THE TASK:
Leave out the pictures, then output the lines of the records below from the first through the one containing "Nachdenklicher junger Mann".

EXERCISE INPUTS Start Marker

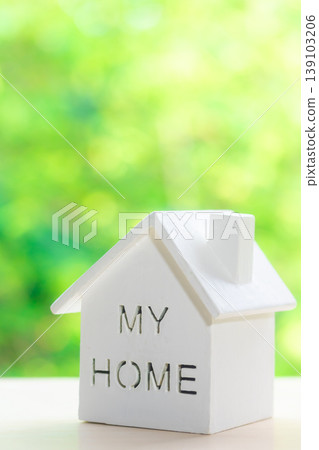 Miniature house with a natural green background Miniature house with a natural green background 139103206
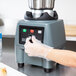 A person wearing plastic gloves using a Waring food blender.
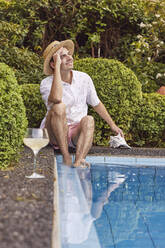 Nachdenklicher junger Mann mit Hut sitzt mit Muschelschale am Pool - UKOF00008
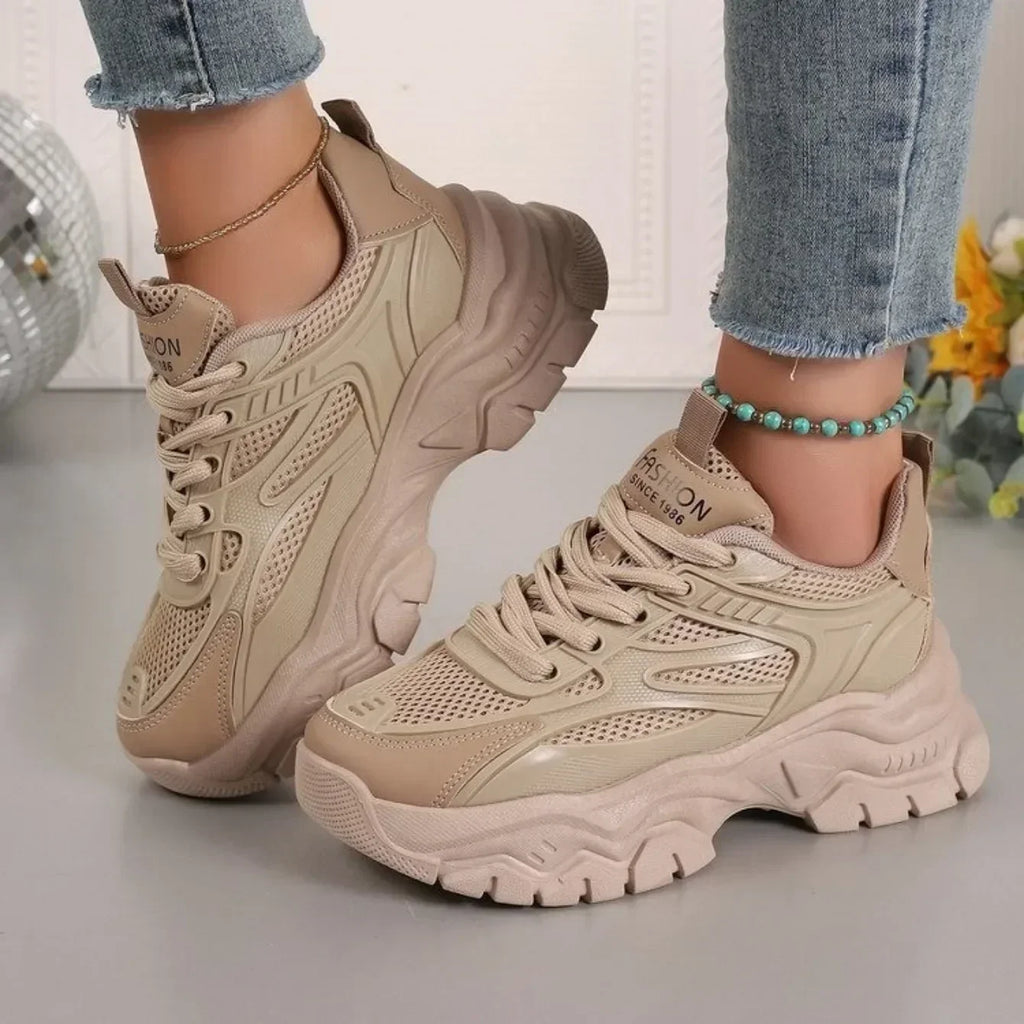 Beige chunky platform lace-up sneakers with perforated panels and thick sole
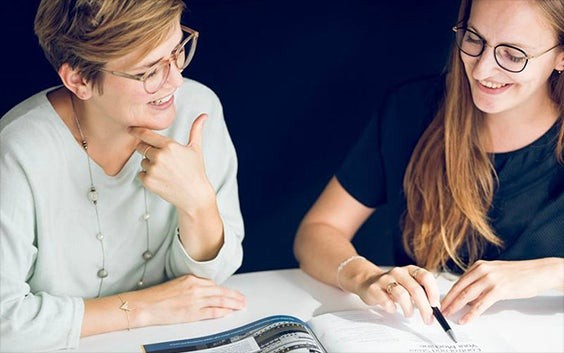 Deux collègues des ressources humaines discutent d'une brochure lors d'une réunion.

EXERCISE INPUTS End Marker

WRITTEN REPLY:
 Miniature house with a natural green background Miniature house with a natural green background 139103206
 A person wearing plastic gloves using a Waring food blender.
 Nachdenklicher junger Mann mit Hut sitzt mit Muschelschale am Pool - UKOF00008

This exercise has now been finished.